Rent a room not the whole property. 

http://www.citizensinformation.ie/en/housing/owning_a_home/home_owners/rent_a_room_scheme.html


----------



## sadie (16 Dec 2016)

To rent a room the property must be your sole and main residence. In this case the owner lives overseas.


----------



## T McGibney (16 Dec 2016)

sadie said:


> To rent a room the property must be your sole and main residence. In this case the owner lives overseas.



It has to be your PPR. There is no requirement that it be your sole residence.


----------



## jim (16 Dec 2016)

but how can it be ones PPR if they live overseas?


----------



## T McGibney (16 Dec 2016)

jim said:


> but how can it be ones PPR if they live overseas?

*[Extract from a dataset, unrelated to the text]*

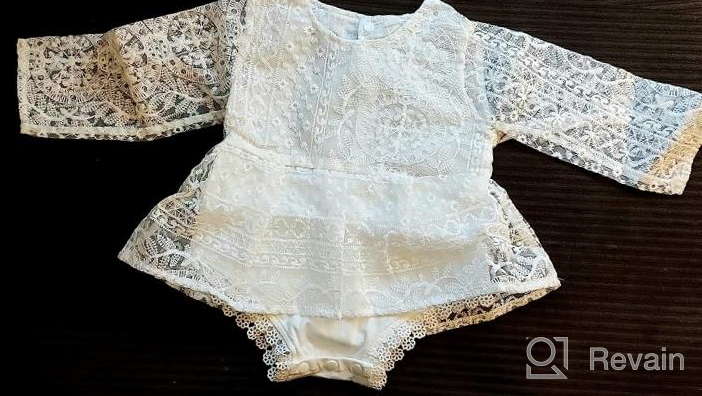 img 1 attached to Kayotuas Newborn Infant Baby Girls Butterfly Sleeve Romper Clothes Ruffle Lace Bodysuit Tutu Dress Jumpsuit Princess Outfit review by Zach Spangler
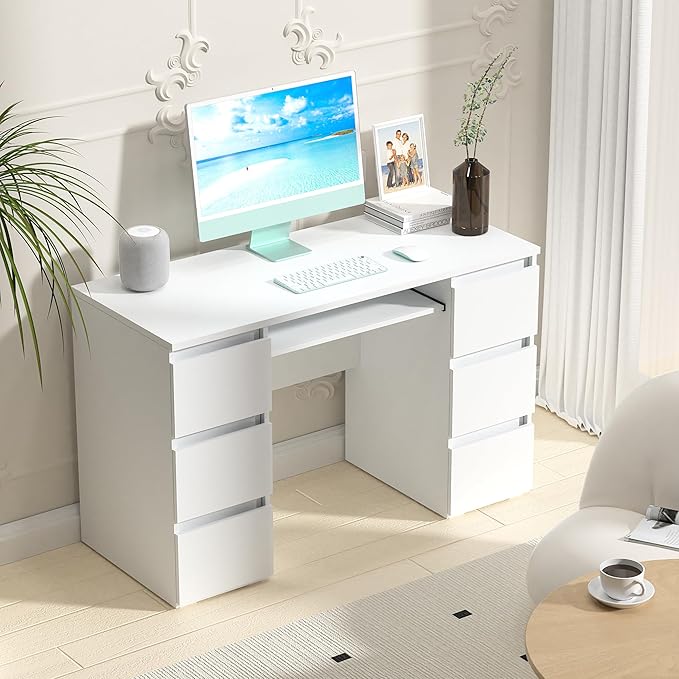 White Desk with Drawers Computer Desk for Bedroom Home Office Table with Storage 47 Inch Writing Wood Desks Executive Desks Workbench Study Counter Small Gaming Table White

Did anyone suggest such? Read again.


----------



## Sophrosyne (17 Dec 2016)

sadie said:


> Say one sibling owns and investment property in Ireland, but their permanent residence is Overseas.
> They rent the Irish property to another sibling for a sum below the market rate, what are the implications for both in relation to tax or CGT.
> The market rate is €1200 a month, but they want to rent it to the other sibling for €600 a month, because they don't want strangers in it and they may come and holiday themselves in the house for several weeks/months per year so don't want to tie themselves to a tenancy agreement.

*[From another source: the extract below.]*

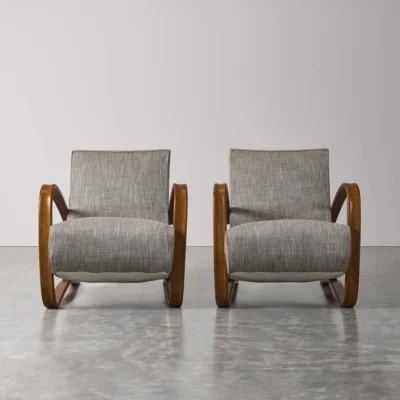 Pair of H269 Armchairs #10 by Jindrich Halabala for Thonet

This might be regarded as an uneconomic letting.

If it were then:

Expenses incurred in the letting would not be deductible,

Losses sustained could not be offset against rental income from other premises arising in the same year. Nor could they be carried forward to future years.

Link to Revenue leaflet


----------



## Rory_W (17 Dec 2016)

It is mentioned that the owner may wish to occupy part of the property on returns to Ireland so is the house being rented or is the person in fact acting as a caretaker and contributing to some costs for the property ?


----------



## sadie (17 Dec 2016)

The owner of the house lives overseas, and pays tax overseas.


----------



## valery (17 Dec 2016)

If you let below the market rate to a family member, could the new rent control measures impact you adversely when they move out?


----------



## PaddyBloggit (17 Dec 2016)

yes


----------



## Singer (18 Dec 2016)

Pay the relative a nominal sum to be a caretaker and "mind" the property for you for when you want to come home and stay in it the odd time.
They can then buy you a few pints or give you a holiday or a few quid as presents every now and then.  They might even be feeling generous and give you a few grand to go and have a pint with.
Rent it for €600 now and you will be stuck renting it for €600 + 4% a year forever.  No matter who you rent it to after that.
I have been stung by these new rules with a property rented at 50% of the current market rate and now i am stuck.  I just found out that no good deed goes unpunished.  It hurts.


----------



## banchang (17 Apr 2018)

Singer said:


> Rent it for €600 now and you will be stuck renting it for €600 + 4% a year forever.  No matter who you rent it to after that.
> I have been stung by these new rules with a property rented at 50% of the current market rate and now i am stuck.  I just found out that no good deed goes unpunished.  It hurts.




According to RTB:

_It is important to remember that not all properties in Rent Pressure Zones are subject to the 4% rental cap. Exempt properties include those that are new to the rental market and have not been let at any time in the previous two years, and those that have undergone a 'substantial change in the nature of the accommodation'._

If you are letting to family member, you do not have to register the tenancy with RTB (of course you equally don't get the tax deductions on inputs). 

So if you rent for 2 years + 1 day at Eur600, you can then recommence a new tenancy with 3rd party at a market related rent, as the property has not been technically let for 2 years.


----------